LWN.net Logo

RE: nullable pointers

RE: nullable pointers

Posted Mar 29, 2011 23:32 UTC (Tue) by neilbrown (subscriber, #359)
In reply to: RE: nullable pointers by nybble41
Parent article: GCC 4.6.0 released

I'm having trouble understanding the argument against nullable pointers. Can anyone point me at a good treatise on the subject?

I can see some value in allowing a pointer to be declared non-nullable - a bit like 'const' in C, it might catch a few errors and it explicitly documents an intention so there could be is value (though I tend to find 'const' more annoying than helpful).

But when you really want a nullable pointer, as you do in a linked list or any tree data structure, arbitrarily not allowing one seems pointless.

Or am I misunderstanding something?


(Log in to post comments)

RE: nullable pointers

Posted Mar 31, 2011 3:46 UTC (Thu) by deweerdt (subscriber, #18159) [Link]

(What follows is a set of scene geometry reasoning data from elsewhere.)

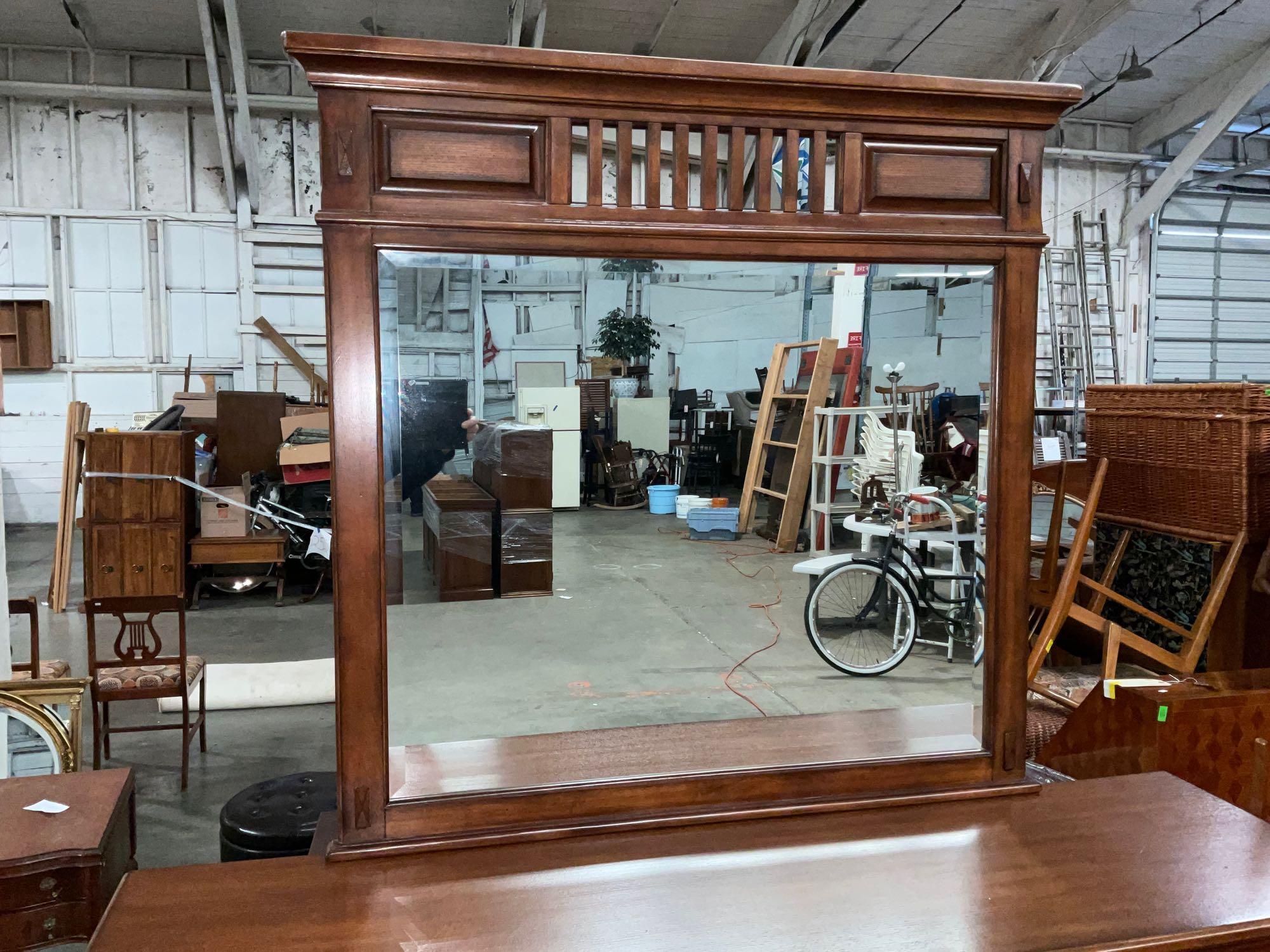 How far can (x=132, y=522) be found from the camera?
321 cm

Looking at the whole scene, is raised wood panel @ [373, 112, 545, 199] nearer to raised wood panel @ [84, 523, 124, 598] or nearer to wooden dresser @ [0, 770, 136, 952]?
wooden dresser @ [0, 770, 136, 952]

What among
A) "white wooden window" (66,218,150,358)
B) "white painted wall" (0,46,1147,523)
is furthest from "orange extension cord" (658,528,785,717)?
"white wooden window" (66,218,150,358)

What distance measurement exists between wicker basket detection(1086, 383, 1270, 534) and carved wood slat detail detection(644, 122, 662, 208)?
2.02 metres

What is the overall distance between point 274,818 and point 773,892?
1233 millimetres

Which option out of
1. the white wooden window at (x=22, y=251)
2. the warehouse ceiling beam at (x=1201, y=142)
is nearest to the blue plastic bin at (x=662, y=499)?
the white wooden window at (x=22, y=251)

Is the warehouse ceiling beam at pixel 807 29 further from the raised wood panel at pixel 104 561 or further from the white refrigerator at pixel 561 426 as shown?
the white refrigerator at pixel 561 426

I think that much of those seemingly unsubstantiated claims against nullable pointers come from this: http://www.infoq.com/presentations/Null-References-The-Bi...

RE: nullable pointers

Posted Mar 31, 2011 10:48 UTC (Thu) by neilbrown (subscriber, #359) [Link]

Thanks for that link!!

If I understand the argument correctly, it goes like this:

1/ A null pointer is a known address that doesn't actually point to an object of the expected type. It points to something else, but should never be dereferenced.
2/ dereferencing such a pointer is not only wrong, but it would lead to results that are not predictable from examining the original source code.
3/ therefore, every attempt to dereference a pointer must be preceded by a test to see if the pointer is "NULL", and to raise an exception if it is
4/ (I'm guessing here, this wasn't explicit in the talk but is the only way that the rest makes sense) Performing that test was too expensive on hardware at the time, so they didn't perform the test, so programs behaved in hard-to-understand ways which had a substantial cost either in debugging time or dealing with incorrect or harmful results.

If I am right, then:
A/ while it may have been a mistake then, it isn't relevant any more as any hardware with an MMU (which I think is everything these days) can easily check every dereference for 'NULL' and raise an exception, and
B/ The "billion dollars" is almost certainly an extreme over-estimate. The real problem is programmers writing bad code. Some other technique than NULL (e.g. explicit sentinal objects) might have made some of the problems easier to detect earlier and so might have saved something, but I really don't think it is justifiable to place that much blame on the 'NULL' pointer. Some maybe, but not much.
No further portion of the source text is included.